● The task: In the data that follows, how many lines include the string "Green"? Answer with the number alone.

Short web captions:
==*==

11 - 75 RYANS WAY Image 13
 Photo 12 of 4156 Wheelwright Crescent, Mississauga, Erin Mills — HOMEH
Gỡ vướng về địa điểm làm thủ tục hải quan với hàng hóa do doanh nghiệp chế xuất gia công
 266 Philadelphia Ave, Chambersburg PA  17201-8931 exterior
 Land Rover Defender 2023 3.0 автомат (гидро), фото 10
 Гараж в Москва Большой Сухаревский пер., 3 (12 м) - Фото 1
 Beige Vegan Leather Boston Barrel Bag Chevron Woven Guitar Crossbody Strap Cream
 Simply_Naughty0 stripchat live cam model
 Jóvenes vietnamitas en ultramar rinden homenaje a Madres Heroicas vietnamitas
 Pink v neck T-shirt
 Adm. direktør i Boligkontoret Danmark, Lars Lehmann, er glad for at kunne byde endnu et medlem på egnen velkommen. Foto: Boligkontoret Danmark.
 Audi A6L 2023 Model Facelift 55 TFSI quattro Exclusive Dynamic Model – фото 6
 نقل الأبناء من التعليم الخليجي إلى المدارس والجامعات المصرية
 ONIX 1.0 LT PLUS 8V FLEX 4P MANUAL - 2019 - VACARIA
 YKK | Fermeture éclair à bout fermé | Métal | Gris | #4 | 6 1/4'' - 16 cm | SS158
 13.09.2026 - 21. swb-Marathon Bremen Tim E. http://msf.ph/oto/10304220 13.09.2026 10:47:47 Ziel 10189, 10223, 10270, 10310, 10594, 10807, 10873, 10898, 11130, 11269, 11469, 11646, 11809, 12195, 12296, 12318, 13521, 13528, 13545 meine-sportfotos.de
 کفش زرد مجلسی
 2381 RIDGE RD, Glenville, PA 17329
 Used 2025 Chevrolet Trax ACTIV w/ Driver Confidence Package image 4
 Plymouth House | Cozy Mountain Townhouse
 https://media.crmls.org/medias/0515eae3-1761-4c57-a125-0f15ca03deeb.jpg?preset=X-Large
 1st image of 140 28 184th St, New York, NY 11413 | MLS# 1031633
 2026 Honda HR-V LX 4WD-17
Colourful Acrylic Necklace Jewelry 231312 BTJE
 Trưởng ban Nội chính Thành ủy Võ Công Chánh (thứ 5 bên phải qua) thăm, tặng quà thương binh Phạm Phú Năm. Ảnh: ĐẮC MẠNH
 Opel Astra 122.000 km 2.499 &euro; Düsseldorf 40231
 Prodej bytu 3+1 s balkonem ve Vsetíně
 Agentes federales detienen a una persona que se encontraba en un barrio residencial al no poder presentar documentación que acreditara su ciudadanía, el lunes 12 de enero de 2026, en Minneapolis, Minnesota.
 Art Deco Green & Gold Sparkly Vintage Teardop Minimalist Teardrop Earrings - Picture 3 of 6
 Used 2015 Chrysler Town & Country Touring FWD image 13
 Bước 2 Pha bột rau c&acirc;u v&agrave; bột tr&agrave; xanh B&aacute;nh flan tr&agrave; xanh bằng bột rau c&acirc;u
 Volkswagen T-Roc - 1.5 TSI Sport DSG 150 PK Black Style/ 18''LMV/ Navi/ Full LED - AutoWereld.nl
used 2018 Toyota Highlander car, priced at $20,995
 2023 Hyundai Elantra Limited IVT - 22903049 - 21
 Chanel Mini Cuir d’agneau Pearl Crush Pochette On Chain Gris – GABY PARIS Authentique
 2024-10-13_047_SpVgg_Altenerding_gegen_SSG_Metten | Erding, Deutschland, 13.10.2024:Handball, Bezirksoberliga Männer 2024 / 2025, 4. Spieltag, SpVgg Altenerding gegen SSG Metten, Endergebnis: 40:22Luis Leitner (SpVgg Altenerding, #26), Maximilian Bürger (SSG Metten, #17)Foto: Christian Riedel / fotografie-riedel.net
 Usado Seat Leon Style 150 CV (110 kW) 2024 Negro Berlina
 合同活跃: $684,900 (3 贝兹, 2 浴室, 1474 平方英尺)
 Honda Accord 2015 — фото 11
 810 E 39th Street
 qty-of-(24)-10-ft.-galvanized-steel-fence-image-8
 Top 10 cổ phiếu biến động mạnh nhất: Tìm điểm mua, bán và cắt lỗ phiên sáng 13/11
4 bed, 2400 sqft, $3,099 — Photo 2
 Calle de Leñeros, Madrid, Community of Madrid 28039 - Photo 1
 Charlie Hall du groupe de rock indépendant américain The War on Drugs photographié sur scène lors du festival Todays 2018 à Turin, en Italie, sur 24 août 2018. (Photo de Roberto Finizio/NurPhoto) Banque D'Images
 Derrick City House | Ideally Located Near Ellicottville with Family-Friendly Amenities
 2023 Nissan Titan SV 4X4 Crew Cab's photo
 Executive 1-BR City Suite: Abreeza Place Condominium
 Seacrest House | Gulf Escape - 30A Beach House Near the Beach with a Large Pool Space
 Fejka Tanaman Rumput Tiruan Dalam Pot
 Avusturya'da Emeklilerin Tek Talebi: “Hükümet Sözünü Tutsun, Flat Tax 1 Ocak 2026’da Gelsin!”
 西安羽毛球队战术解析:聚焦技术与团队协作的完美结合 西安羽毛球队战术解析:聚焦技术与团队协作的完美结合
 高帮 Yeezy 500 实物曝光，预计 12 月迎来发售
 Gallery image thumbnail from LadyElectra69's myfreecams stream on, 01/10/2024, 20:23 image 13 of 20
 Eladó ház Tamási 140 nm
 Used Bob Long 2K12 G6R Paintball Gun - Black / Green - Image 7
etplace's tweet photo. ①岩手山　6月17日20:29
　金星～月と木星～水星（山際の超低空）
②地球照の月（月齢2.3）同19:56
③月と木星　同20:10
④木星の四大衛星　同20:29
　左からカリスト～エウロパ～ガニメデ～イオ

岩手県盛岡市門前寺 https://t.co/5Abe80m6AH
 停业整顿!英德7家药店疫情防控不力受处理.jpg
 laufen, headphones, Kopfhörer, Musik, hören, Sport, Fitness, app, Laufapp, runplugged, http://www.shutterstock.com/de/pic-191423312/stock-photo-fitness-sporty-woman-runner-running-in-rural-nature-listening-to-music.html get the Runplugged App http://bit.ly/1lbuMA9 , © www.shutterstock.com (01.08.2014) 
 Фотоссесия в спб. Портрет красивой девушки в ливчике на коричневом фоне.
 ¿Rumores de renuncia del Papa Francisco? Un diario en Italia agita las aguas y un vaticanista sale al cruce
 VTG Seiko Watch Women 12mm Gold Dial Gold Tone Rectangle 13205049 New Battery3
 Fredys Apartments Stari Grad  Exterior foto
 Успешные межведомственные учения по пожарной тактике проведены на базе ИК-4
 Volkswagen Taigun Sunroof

==*==

● Result for this task: 2